I compared my numbers to Anand's Far Cry 2 benchmark and was able to exceed his numbers by using the same settings by around 15%, which really surprised me. In fact, this was with 4X MSAA, TSAA (I doubt Derek test with this on, 10% performance hit on average), 16X AF. I also tested with the same driver version as the article 180.48. So I wonder why I was getting better results running the same exact demo with TSAA added to it on top of that - seems strange. Anyway, I won't complain.

--------------------------------------------------------------------------------------------------------

OP

I just picked up an EVGA 280GTX last night. The one I ordered was supposed to be clocked at nVidia reference speeds, but ended up being clocked the same as their superclocked line (621/1350,/1134). Anyway, the first thing I did was move everything up slightly. I bumped it up to 648/1404/1188 and it always failed right once it hit 82C and gave me a 'driver stopped responding' message. Well, I put everything back to stock and it seems to be running fine.

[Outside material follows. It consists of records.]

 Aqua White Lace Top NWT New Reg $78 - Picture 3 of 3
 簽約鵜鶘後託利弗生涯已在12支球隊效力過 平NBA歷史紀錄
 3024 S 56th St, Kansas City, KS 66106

So, my guess is this. I don't think EVGA bins these things like we think. I think they just stamp them with a BIOS and send them out. Which begs the question - do their SSC and FTW edition cards just increase the BIOS fan speed threshold in order to attain these clocks? Althought I am not finished with my testing, I am relatively sure I could attain 648/1404/1188 if I could set the fan speed to move up to 100% by the time it reaches 77-78C, as it appears hitting the mid 80's causes the driver to stop responding.

So, my question is this.

Has anyone used Nibitor with their 280GTX? I believe you can set the threshhold for fan speed there. So instead of the fan ramping up to full blown max at ~85C, it would start at 75C.

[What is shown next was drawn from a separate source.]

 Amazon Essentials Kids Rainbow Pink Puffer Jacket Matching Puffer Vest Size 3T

Is there a program that will allow me to modify the fan speed criteria? I am not interested in a static speed. I want it to ramp up only when the temperature calls for it. However, when I used Riva Tuner in the past, I found the fan speed profile only worked when I had the monitoring window open within Riva Tuner. Well, I don't like to leave programs running in the background.

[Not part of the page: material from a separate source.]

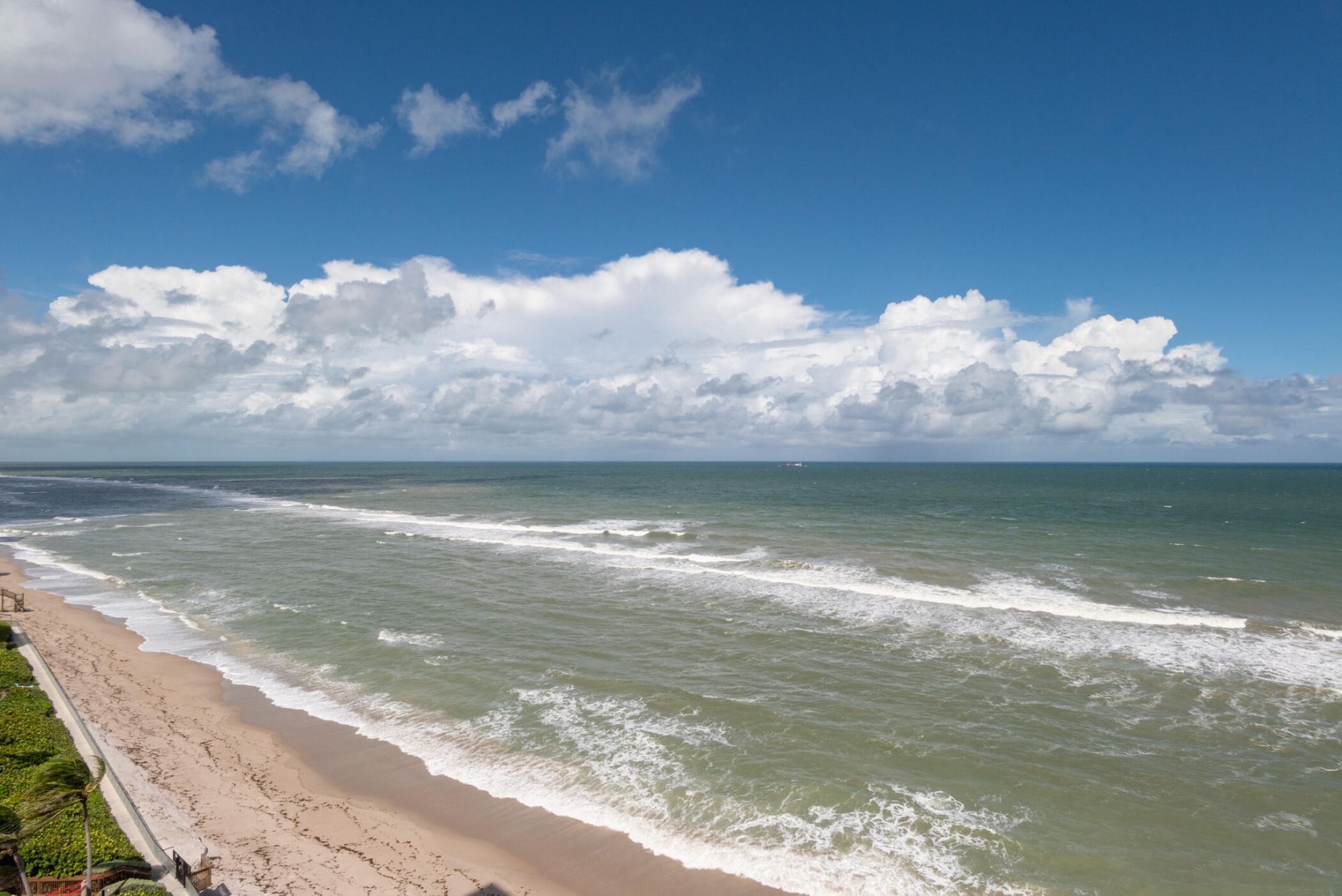 5070 N Ocean Drive, Unit 10a, Singer Island, FL 33404 Photo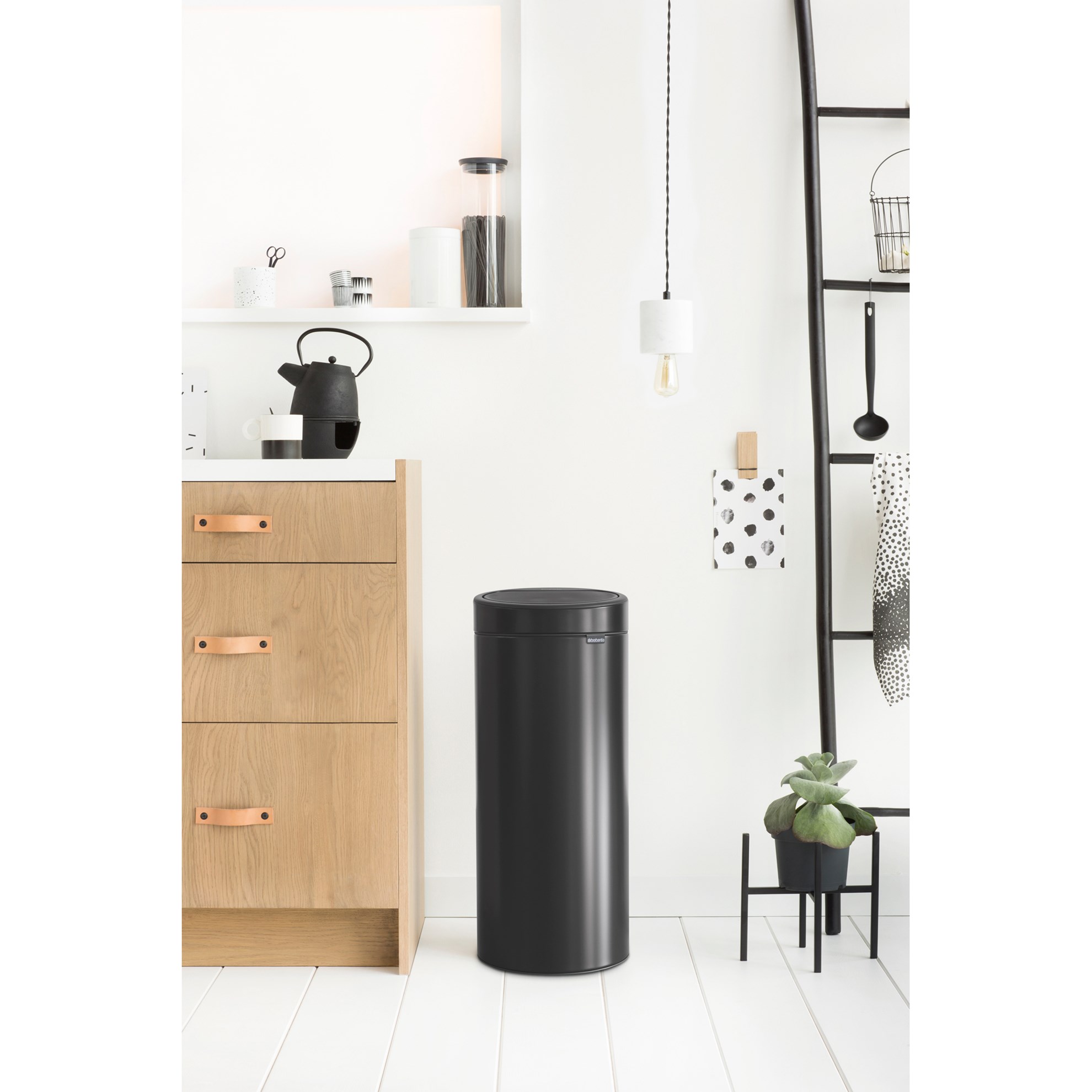 Odpadkový koš Brabantia TOUCH BIN NEW 30l černý_0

So basically, because I have not delve into this a lot, and don't have much time to test, I am asking you guys for some advice on the fan speed, and overclock. Perhaps there are some tweaks, or ideas to assist me in my overclocking adventure. Nothing extreme as I will be happy with 648/1404/1138, but it just can't do it with the current fan profile that BIOS has. :-(

Thanks!
 

AzN

Banned
Nov 26, 2001
4,112
2
0
I've done this on 8800gs and I'm sure it's the same for GTX 280. Just fire up nibitor and read the bios into a file and change fan settings how you want them.
 

OCGuy

Lifer
Jul 12, 2000
27,227
36
91
EVGA's precision tuner has hotkey profiles, I wonder if they have hotkey fan profiles as well.........

Also, does it fail with just the core at 648? The memory might not like being OCd at all.

Have you unlinked core/shaders and done it that way? It could be the shaders dont like keeping up with the core.



 

AzN

Banned
Nov 26, 2001
4,112
2
0
Originally posted by: Ocguy31
EVGA's precision tuner has hotkey profiles, I wonder if they have hotkey fan profiles as well.........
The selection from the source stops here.